Checking and Repairing HBase Tables
HBaseFsck (hbck) is a command-line tool that checks for region consistency and table integrity problems and repairs corruption. It works in two basic
modes — a read-only inconsistency identifying mode and a multi-phase read-write repair mode.
- Read-only inconsistency identification: In this mode, which is the default, a report is generated but no repairs are attempted.
- Read-write repair mode: In this mode, if errors are found, hbck attempts to repair them.
Always run HBase administrative commands such as the HBase Shell, hbck, or bulk-load commands as the HBase user (typically hbase).
Running hbck Manually
The hbck command is located in the bin directory of the HBase install.
- With no arguments, hbck checks HBase for inconsistencies and prints OK if no inconsistencies are found, or the number of inconsistencies otherwise.

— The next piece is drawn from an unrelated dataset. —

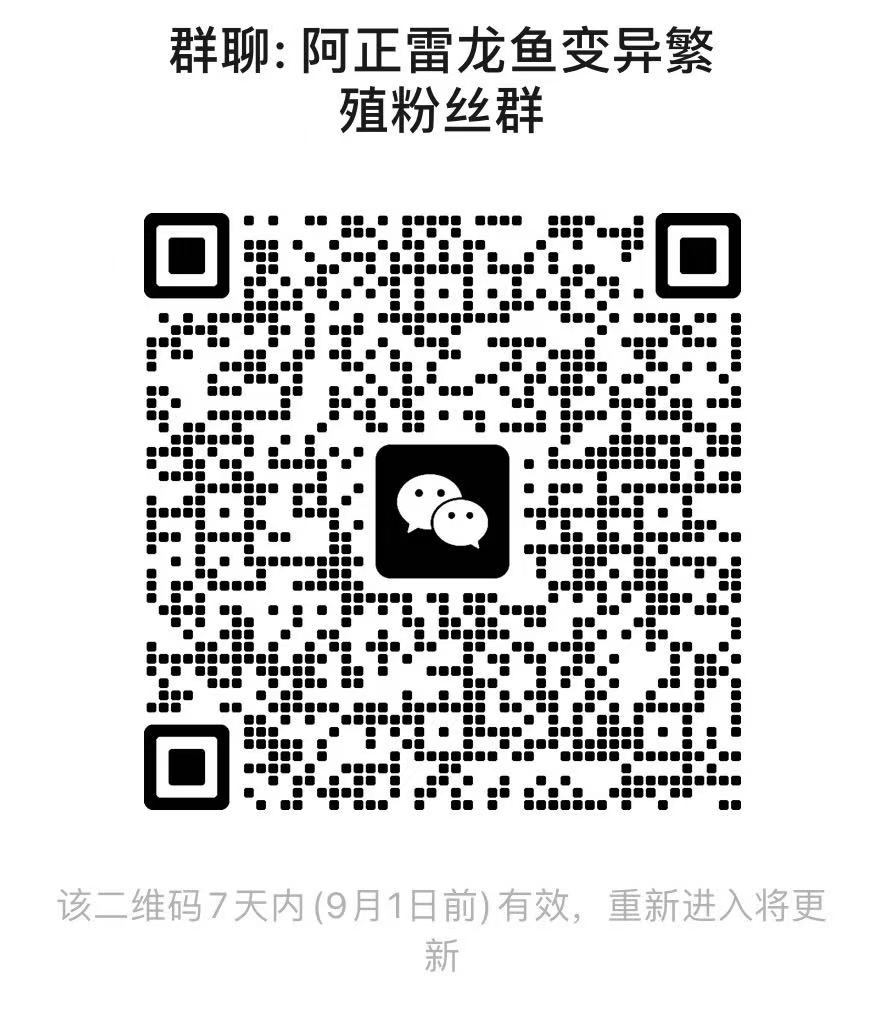 微信图片_20250825091418_18_501.jpg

- With the -details argument, hbck checks HBase for inconsistencies and prints a detailed report.
- To limit hbck to only checking specific tables, provide them as a space-separated list: hbck <table1> <table2>
- If region-level inconsistencies are found, use the -fix argument to direct hbck to try to fix them. The following sequence
of steps is followed:
- The standard check for inconsistencies is run.
- If needed, repairs are made to tables.
- If needed, repairs are made to regions. Regions are closed during repair.
- You can also fix individual region-level inconsistencies separately, rather than fixing them automatically with the -fix argument.
- -fixAssignments repairs unassigned, incorrectly assigned or multiply assigned regions.
- -fixMeta removes rows from hbase:meta when their corresponding regions are not present in HDFS and adds new meta rows if regions are present in HDFS but not in hbase:meta.
- -repairHoles creates HFiles for new empty regions on the filesystem and ensures that the new regions are consistent.
- -fixHdfsOrphans repairs a region directory that is missing a region metadata file (the .regioninfo file).
- -fixHdfsOverlaps fixes overlapping regions. You can further tune this argument using the following options:
- -maxMerge <n> controls the maximum number of regions to merge.
- -sidelineBigOverlaps attempts to sideline the regions which overlap the largest number of other regions.
- -maxOverlapsToSideline <n> limits the maximum number of regions to sideline.
- To try to repair all inconsistencies and corruption at once, use the -repair option, which includes all the region and table consistency options.
For more details about the hbck command, see Appendix C of the HBase Reference Guide.